Records drawn from a dataset:

========================================

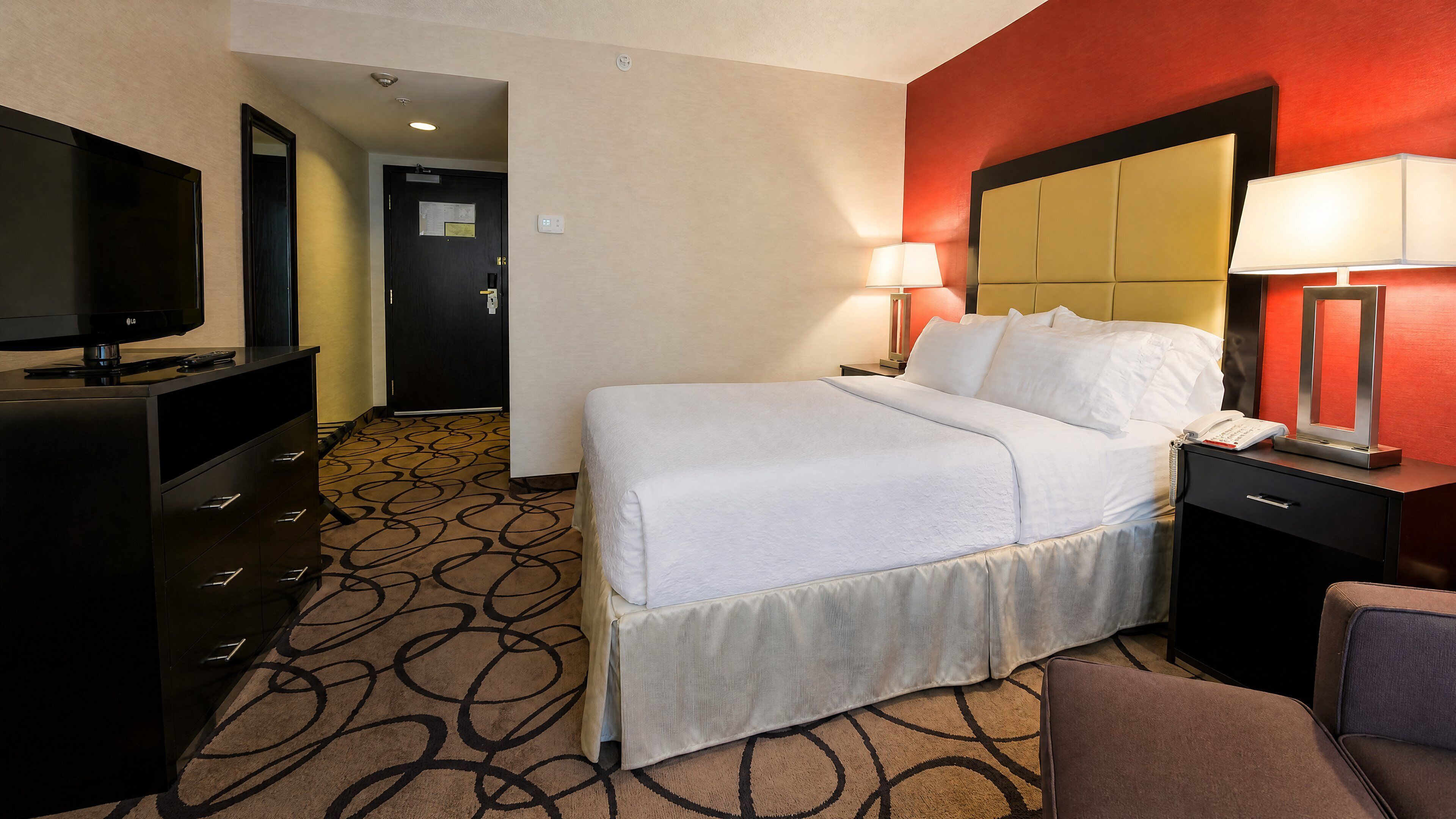 A hotel room with a bed, a TV, a desk, and a chair.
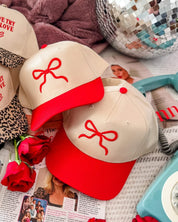 Adult cream and red hat with Red Puff Bow Embroidery on front, shown on flat lay – Little Mama Shirt Shop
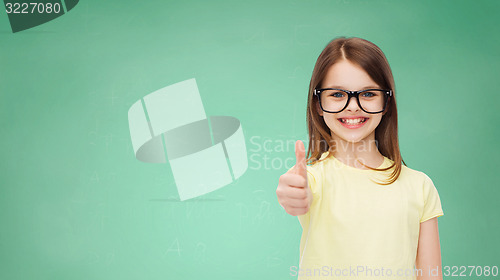 Image of smiling cute little girl in black eyeglasses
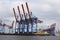 Harbor Cargo Freight Container Shipping Cranes in Hamburg Harbor for global Logistics Burchardkai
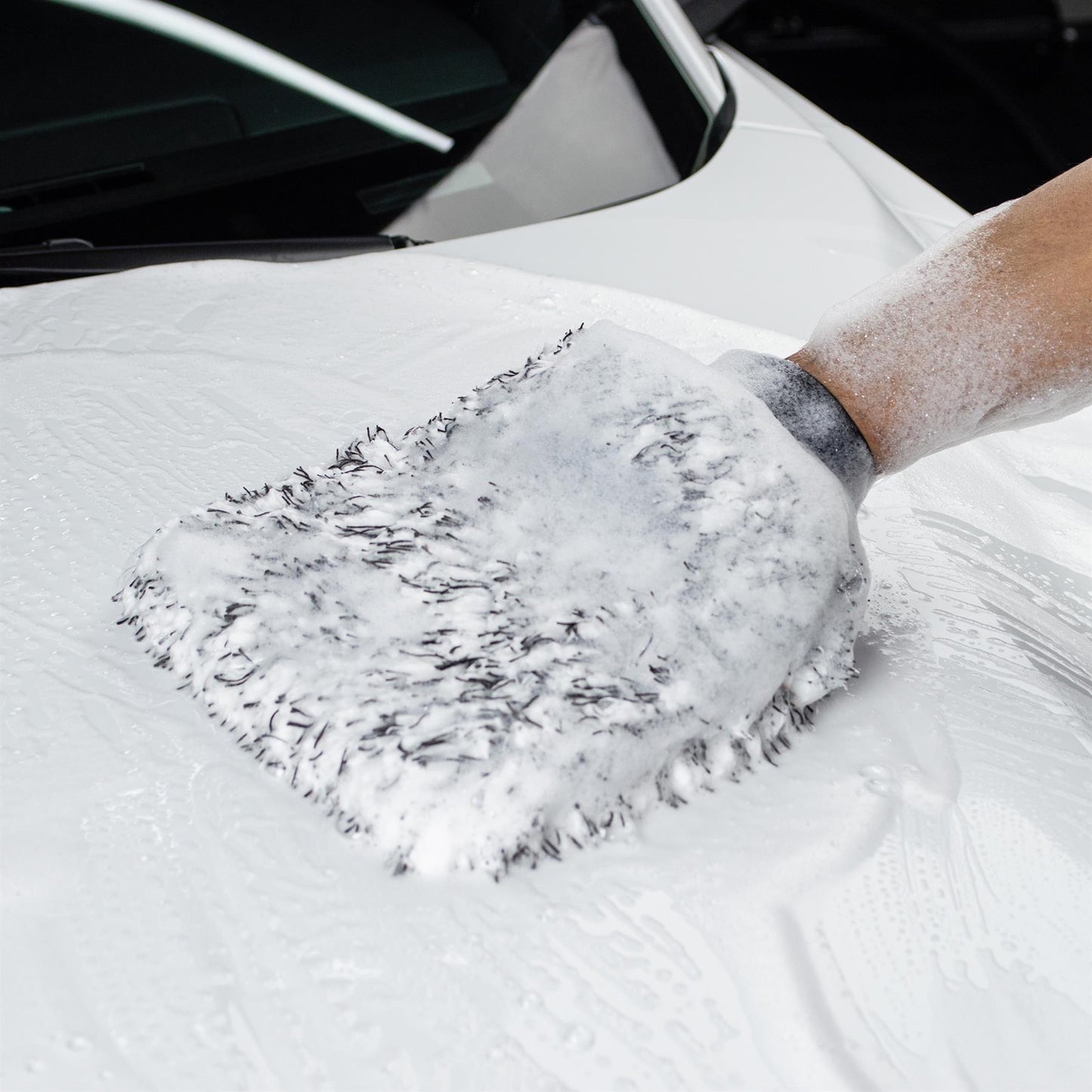 Microfibre wash mitt gently cleaning a motor car. Ideal for valeting & detailing. Super soft plush material for a streak-free finish.
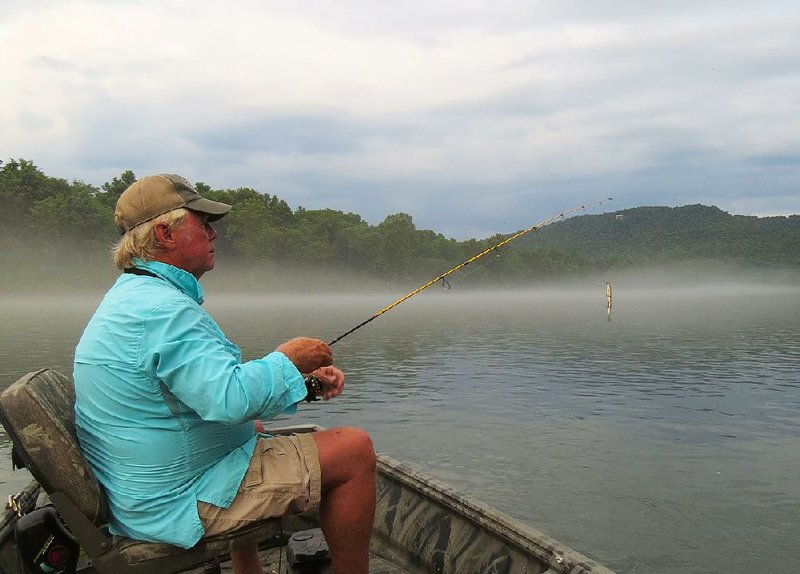 Ray Tucker savors the final moments of a fine day of fishing Tuesday as the fog envelops the White River near Mountain Home. 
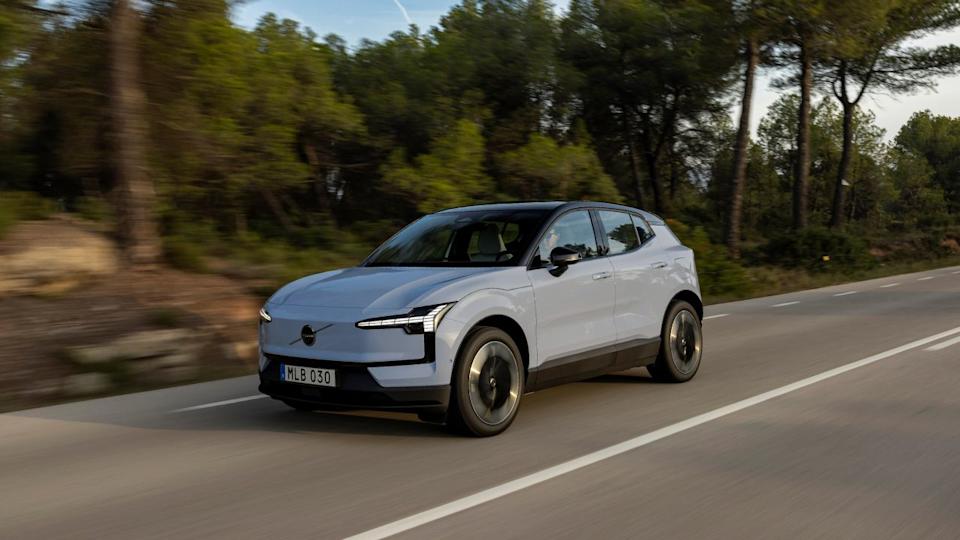 A grey 2025 Volvo EX30 on a forest road.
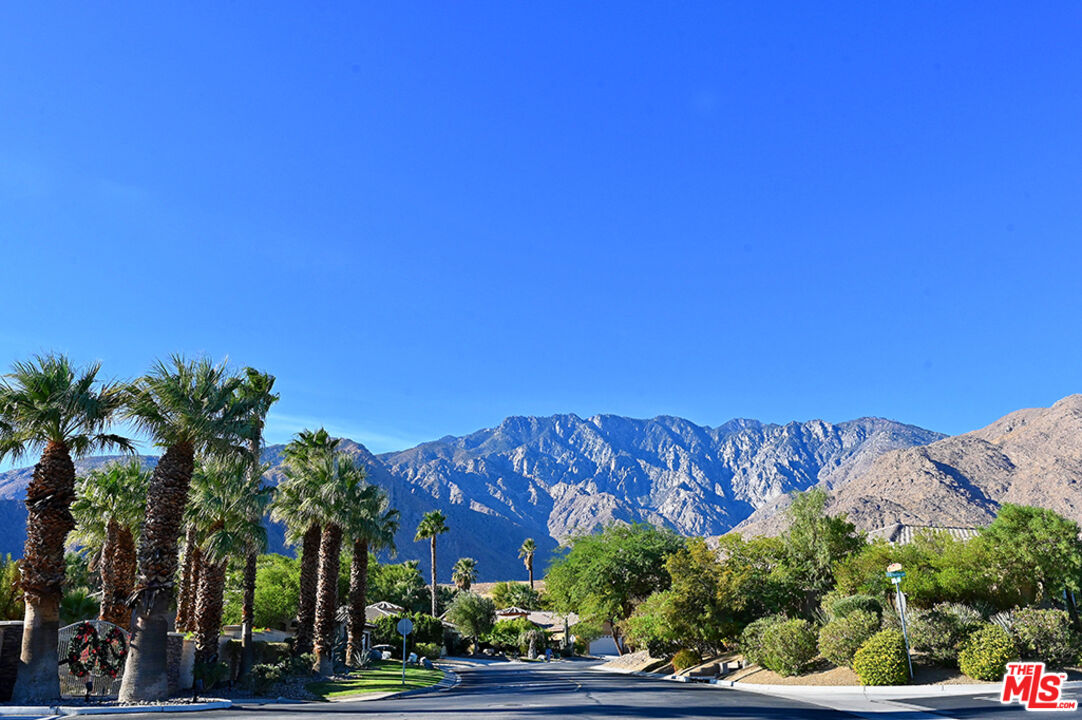 699 Alta Ridge Palm Springs, CA 92262 - Photo 2 of 31 a view of a street with a building in the background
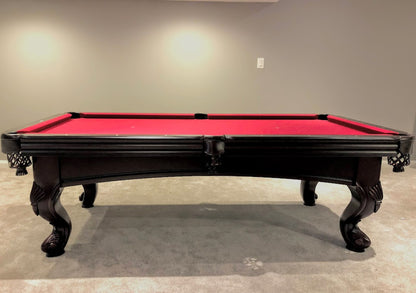 A  mahogany wood pool table with red cloth top, featuring carved leg designs and leather-fringed pockets .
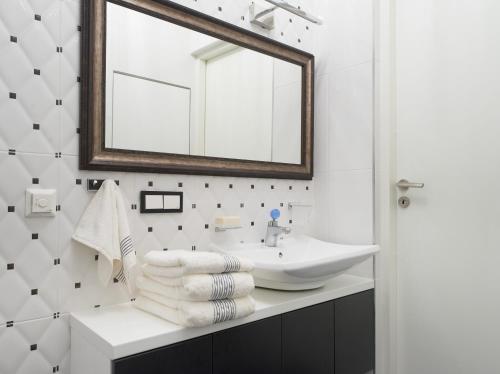 a bathroom with a sink and a mirror at Central Apartment in Birštonas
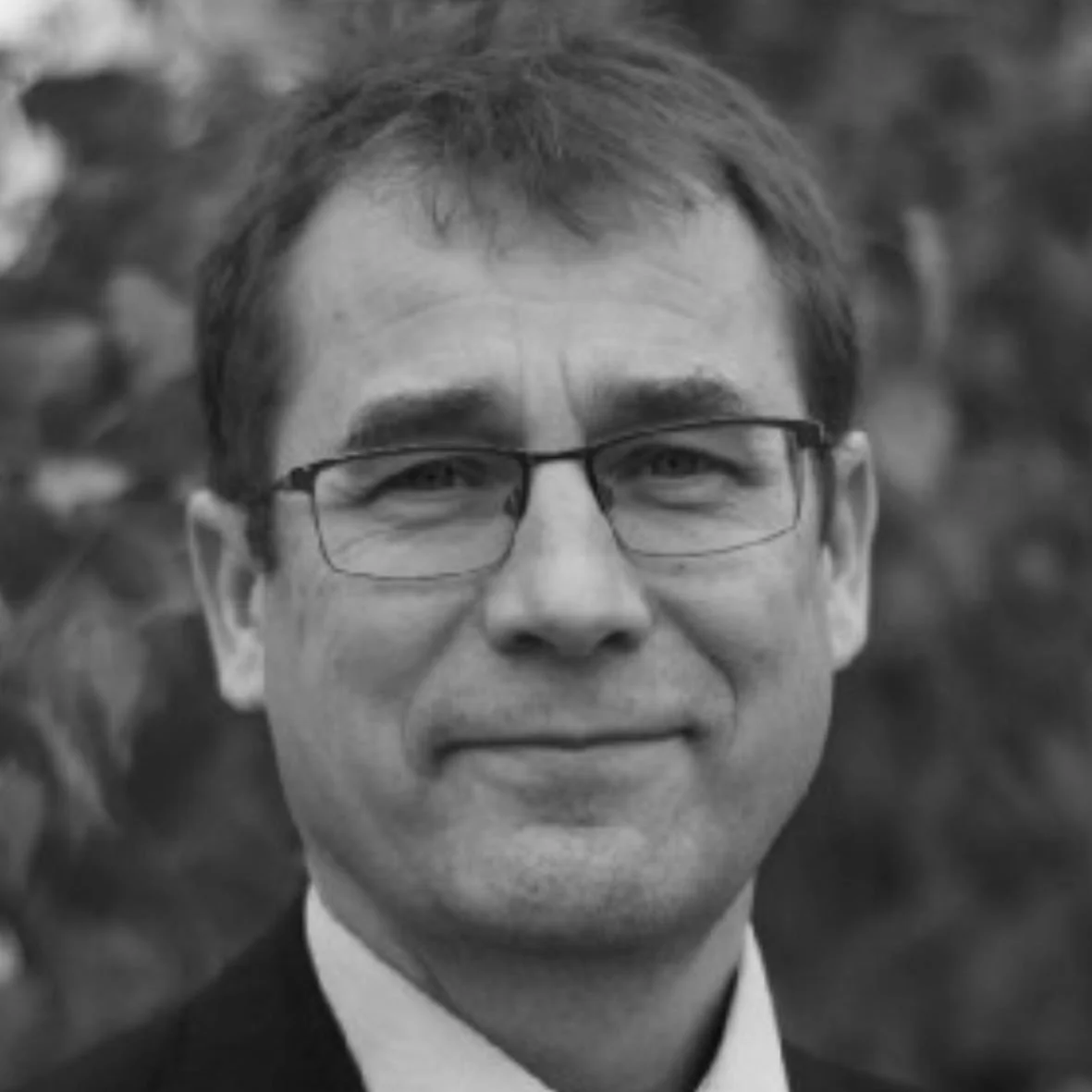 Portrett av en mann med briller, kort brunt hår, iført sort dress og hvit skjorte, uten farge, med bakgrunn av blurry trær.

========================================

Task: Your answer must be an exact copy of every entry, with the pictures left out.

Solution to this exercise:
 A hotel room with a bed, a TV, a desk, and a chair.
 Adult cream and red hat with Red Puff Bow Embroidery on front, shown on flat lay – Little Mama Shirt Shop
 Image of smiling cute little girl in black eyeglasses
 Harbor Cargo Freight Container Shipping Cranes in Hamburg Harbor for global Logistics Burchardkai
 Microfibre wash mitt gently cleaning a motor car. Ideal for valeting & detailing. Super soft plush material for a streak-free finish.
 Ray Tucker savors the final moments of a fine day of fishing Tuesday as the fog envelops the White River near Mountain Home. 
 A grey 2025 Volvo EX30 on a forest road.
 699 Alta Ridge Palm Springs, CA 92262 - Photo 2 of 31 a view of a street with a building in the background
 A  mahogany wood pool table with red cloth top, featuring carved leg designs and leather-fringed pockets .
 a bathroom with a sink and a mirror at Central Apartment in Birštonas
 Portrett av en mann med briller, kort brunt hår, iført sort dress og hvit skjorte, uten farge, med bakgrunn av blurry trær.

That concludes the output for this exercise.